Lunenburg - Sailors Dream
Lunenburg is a port town in Lunenburg County Nova Scotia. Situated on the province's south shore, Lunenburg is located at the western side of Mahone Bay.
The town was established in 1753 by the three founding fathers, Patrick Sutherland, Dettlieb Christopher Jessen and John Creighton four years after the founding of Halifax. The town was one of the first British attempts to settle Protestants in Nova Scotia recruited from the German Palatinate, Swiss-German, and French Montbéliard regions of Europe and they were intended to displace Acadian Catholics.
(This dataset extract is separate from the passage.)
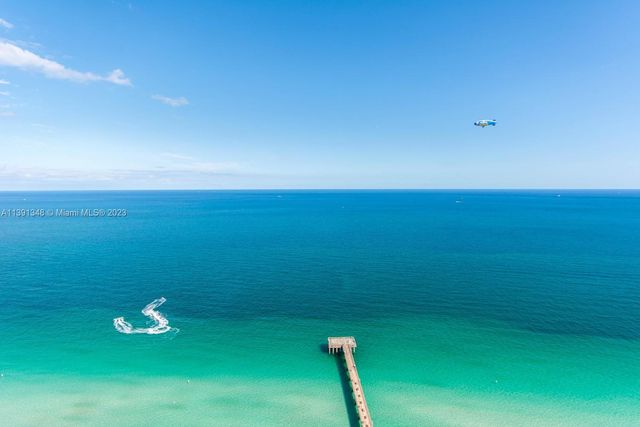 16699 Collins Ave 4103, Sunny Isles Beach, FL 33160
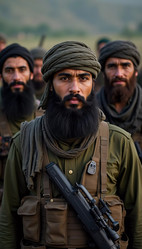 Similar image 22114368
The historic town was designated a UNESCO world heritage site in 1995. This designation ensures protection for much of Lunenburg's unique architecture and civic design, being the best example of planned British colonial settlement in Canada. The historic core of the town is also a National Historic Site of Canada. During the Second World War, Lunenburg made a significant ship building contribution to the war effort. Over the same period the town hosted Camp Norway to train exiled Norwegian whalers for the Royal Norwegian Navy and accommodate Canadian sailors while their ships were being re-fitted.
Lunenburg has two excellent harbours - one situated right along the towns downtown area. Lunenburg is still a working seaport and aside from scallop draggers and lobster fisherman it hosts many companies who specialize in historic boat building. There are always tall ships in the harbour or dry dock getting re-planked or re-rigged. It's a step back in time to see riggers scrambling around the spider web of stays and sails doing repairs. There is an excellent museum on the historic fishing industry and the town abounds in fresh seafood restaurants. Houses and businesses line the hill overlooking the harbour and almost all buildings have historical significance.
If you are a sailor or have seawater in your blood you can't help but fall in love with the historic charm of Lunenburg. The houses are all colourfully painted, the locals friendly, the shops bohemian and the local rum good and strong. You'd almost expect pirates to come walking down the street. There are a number of Government controlled wharves and you can anchor in the harbour or tie up to a mooring ball and dingy into designated dingy parking dock.
Lunenburg has many visiting tall ships and some permanent tall ships that call it home port including the Bluenose II. The original Bluenose was launched as a Grand Banks fishing and racing schooner on 26 March 1921 in Lunenburg, Nova Scotia. It was designed by William Roué and built by the Smith and Rhuland Shipyard. Bluenose came to symbolize Nova Scotia's prominence in the fishing and shipbuilding industries. She represented Canada around the world. The original Bluenose struck a reef off Isle aux Vache, Haiti in 1946 and sunk.
In 1963, the 181 foot Bluenose II was launched as a replica of the original. It was built by many of the same people who had worked on the original vessel at the same shipyard in Lunenburg. The project was financed by Oland Brewery to advertise their products, while also promoting Nova Scotia's maritime heritage and tourism. William Roué, the designer of the original Bluenose, endorsed the vessel. Captain Walters sailed on the maiden voyage. Bluenose II was gifted to the Government of Nova Scotia in 1971 and has recently undergone a complete refit. You can sail aboard the Bluenose daily (for a fee) or when it returns at days end you can walk the decks for free.